Pubblicato il 6 Maggio 2010 - 14:52 OLTRE 6 MESI FA

Via Lattea

La mappa della Via Lattea parla italiano. Le immagini catturate dal più grande dei telescopi spaziali, Herschel, lanciato un anno fa dall’Agenzia Spaziale Europea (Esa), e i 130 astronomi di tutto il mondo che vi lavorano sono coordinati dall’italiano Sergio Molinari, dell’Istituto di Fisica dello Spazio Interplanetario dell’Istituto Nazionale di Astrofisica (Ifsi-Inaf).

“Le prime immagini sono state mostrate oggi e sono sbalorditive.
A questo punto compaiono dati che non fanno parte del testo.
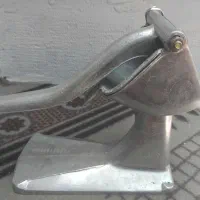 آب انار گیری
Stiamo lavorando alla mappa della parte più interna della galassia, più calda e turbolenta, fino a sfiorare la periferia, più tranquilla e dove si formano meno stelle”, ha detto Molinari a margine della conferenza stampa organizzata oggi in a Noordwijk (Olanda), nel centro di ricerca dell’Esa. La porzione della galassia esplorata nel progetto si estende da 8.000 fino a 30.000 anni luce.

Al progetto, chiamato Hi-Gal (Herschel Infrared Galactic plane survey), l’Italia partecipa grazie al finanziamento dell’Agenzia Spaziale Italiana (Asi) insieme, per l’Inaf, all’osservatorio di Arcetri e l’università di Padova. “Gli strumenti stanno lavorando benissimo”, ha detto ancora Molinari, e promettono di rispondere alla domanda chiave gli rivolgono i ricercatori: “Vogliamo capire perché nella galassia c’è questa diversità fra i centro, così attivo, e la periferia, quali sono le condizioni che fanno sì che la formazione delle nuove stelle avvenga nella zona centrale”.

Proprio come nelle città, vita e movimento si trovano al centro, ma adesso i ricercatori vogliono sapere perché: “E’ una sfida capire come avviene la formazione delle stelle, soprattutto per le più grandi”, ha detto il coordinatore del progetto. “La cosa sbalorditiva – ha concluso – è avere in un’unica immagine tutto il ciclo vitale delle stelle”: dalla macchia rossastra della materia più fredda (quasi vicina allo zero assoluto) indispensabile per “accendere” una stella, alla ragnatela di filamenti che funzionano come incubatori nei quali gli embrioni delle stelle possono crescere nelle condizioni ottimali. “Poter avere finalmente dati come questi – ha concluso – significa poter capire l’evoluzione delle glassie”.